"""

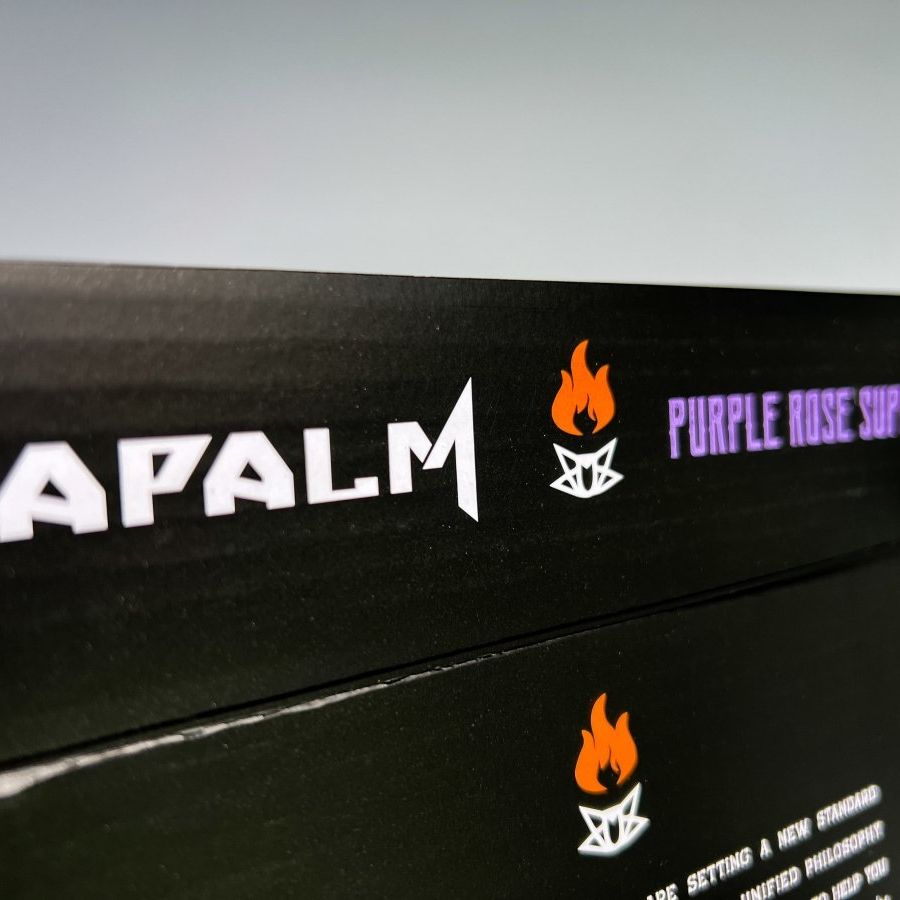 LIMITED EDITION NAPALM x PRS CANNAMOLD KIT - Fits 3.5-7g Purple Rose Supply blunt roller, cannagar mold, joint roller, blunt wrap, joint vs blunt, blunt vs joint, preroll, pre-roll, hemp wrap, hemp blunt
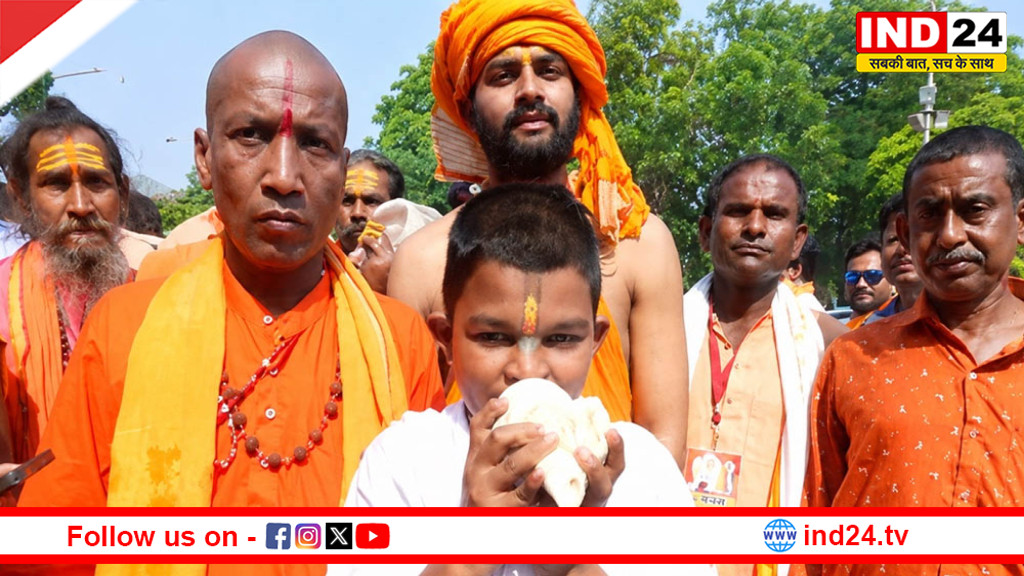 पश्चिम बंगाल में भाजपा सरकार का शपथ ग्रहण, ब्रिगेड परेड ग्राउंड में उमड़ा जनसैलाब
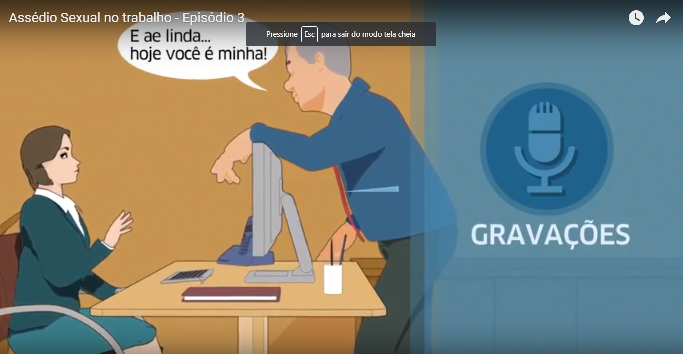 ASSÉDIO SEXUAL NO TRABALHO: GUARDE AS PROVAS, NÃO SE CALE, DENUNCIE! 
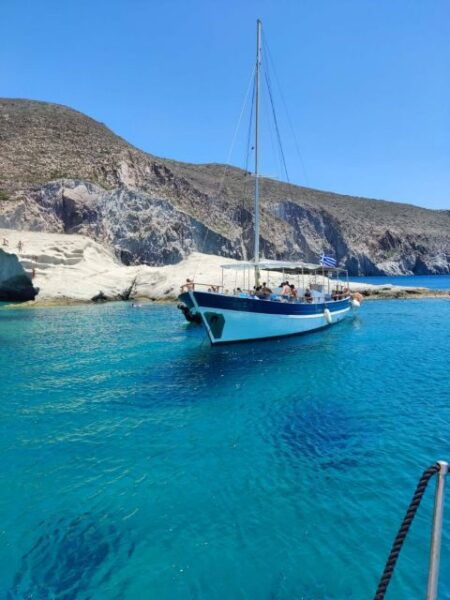 Antiparos: Private Cruise With Traditional Sailing Boat - The Sum Up
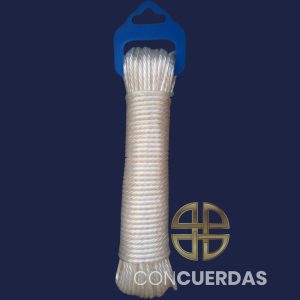 CUERDA DE POLIETENO EN PVC - VERDE 300 GRS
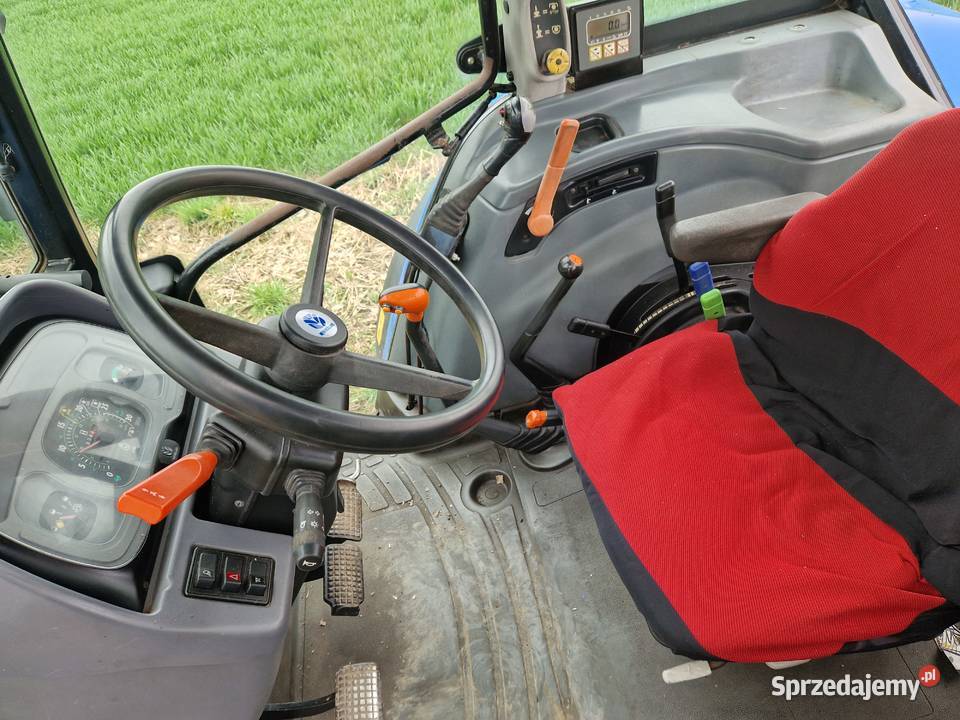 ciągnik rolniczy 4x4 holland tl 90 tur Bolesławiec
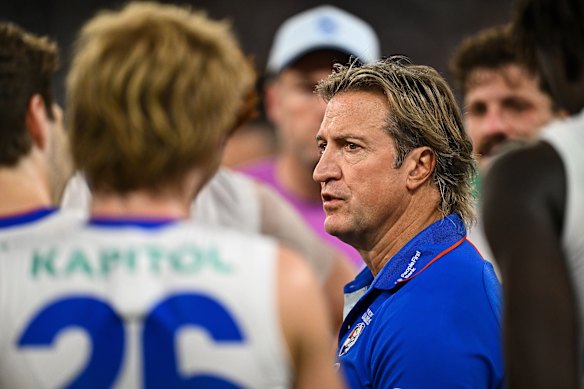 By Luke Beveridge’s own admission, the Bulldogs “fuelled Fremantle’s game” at Optus Stadium.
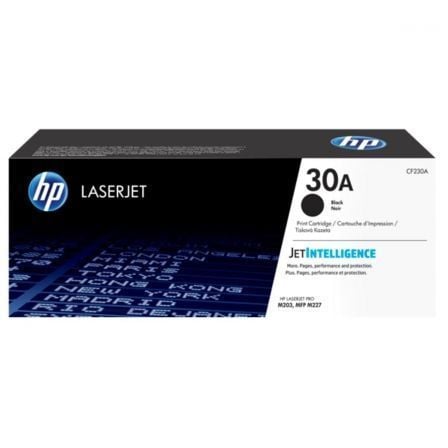 Toner Original HP nº30A/ Negro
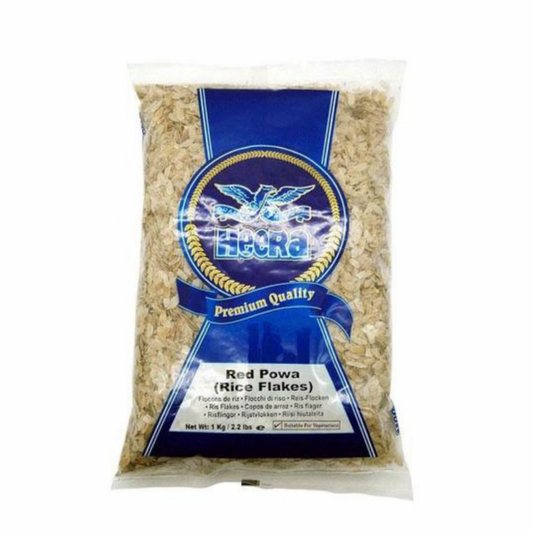 Heera Red Powa Rice Flakes 1kg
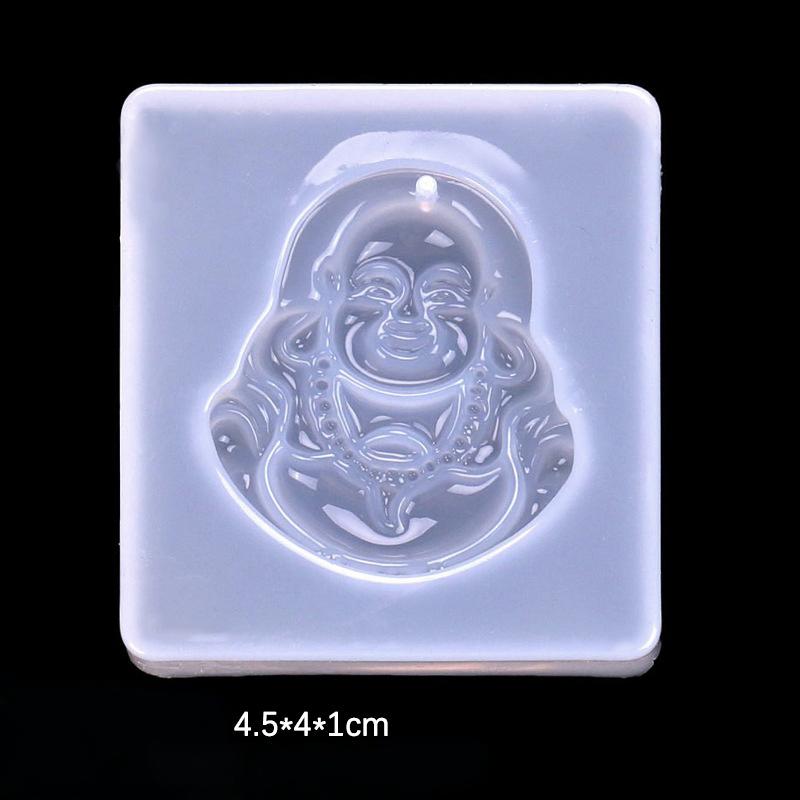 1 ks Přívěsek na náhrdelník Silikonová forma Přívěsek na klíče Náušnice DIY Výroba šperků Řemesla Licí forma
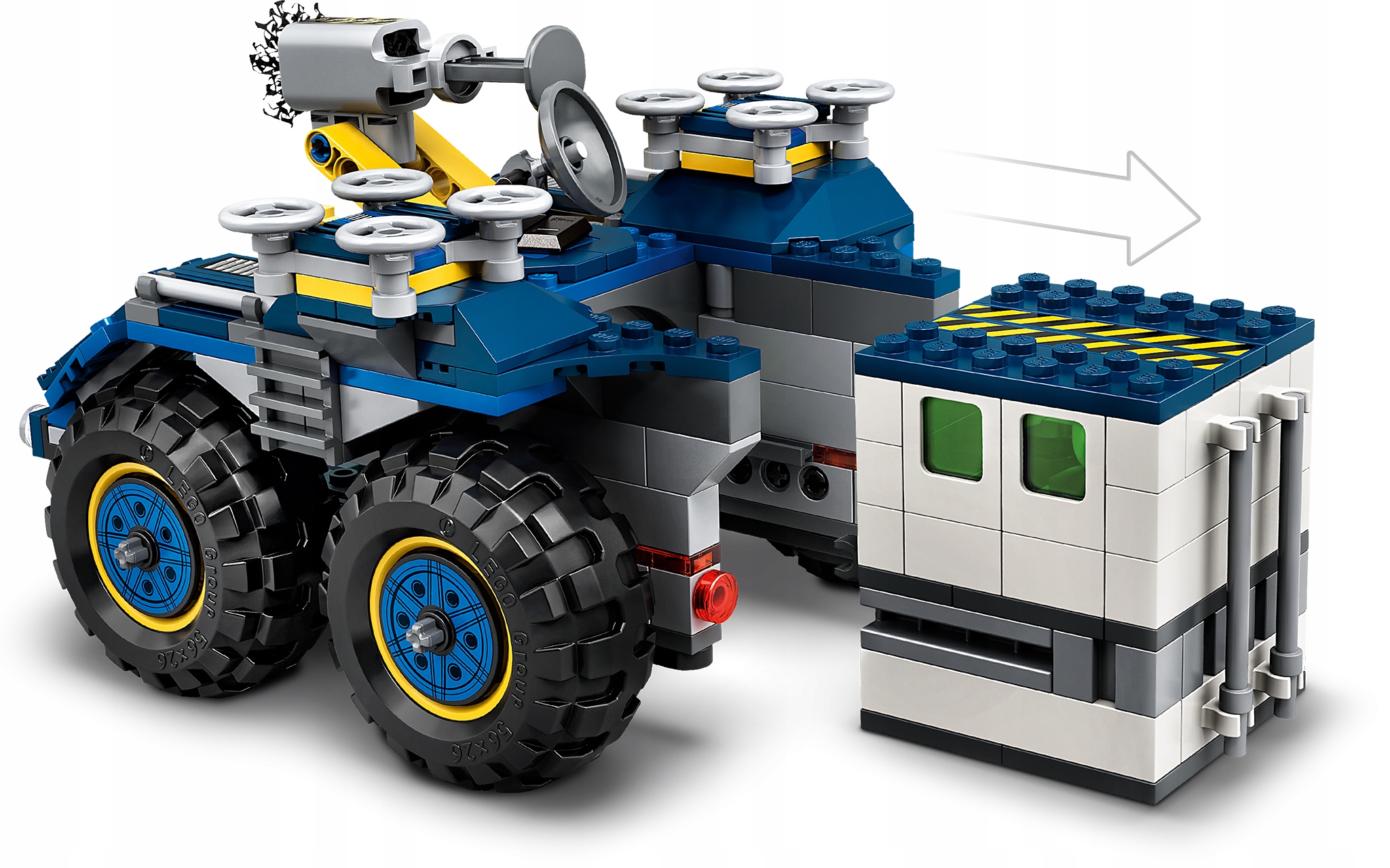 LEGO Jurassic World Gallimim i pteranodon: ucieczka – Stwórz własne przygody z dinozaurami!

"""

Transcribe all the data word for word; the images stay out.

 LIMITED EDITION NAPALM x PRS CANNAMOLD KIT - Fits 3.5-7g Purple Rose Supply blunt roller, cannagar mold, joint roller, blunt wrap, joint vs blunt, blunt vs joint, preroll, pre-roll, hemp wrap, hemp blunt
 पश्चिम बंगाल में भाजपा सरकार का शपथ ग्रहण, ब्रिगेड परेड ग्राउंड में उमड़ा जनसैलाब
 ASSÉDIO SEXUAL NO TRABALHO: GUARDE AS PROVAS, NÃO SE CALE, DENUNCIE! 
 Antiparos: Private Cruise With Traditional Sailing Boat - The Sum Up
 CUERDA DE POLIETENO EN PVC - VERDE 300 GRS
 ciągnik rolniczy 4x4 holland tl 90 tur Bolesławiec
 By Luke Beveridge’s own admission, the Bulldogs “fuelled Fremantle’s game” at Optus Stadium.
 Toner Original HP nº30A/ Negro
 Heera Red Powa Rice Flakes 1kg
 1 ks Přívěsek na náhrdelník Silikonová forma Přívěsek na klíče Náušnice DIY Výroba šperků Řemesla Licí forma
 LEGO Jurassic World Gallimim i pteranodon: ucieczka – Stwórz własne przygody z dinozaurami!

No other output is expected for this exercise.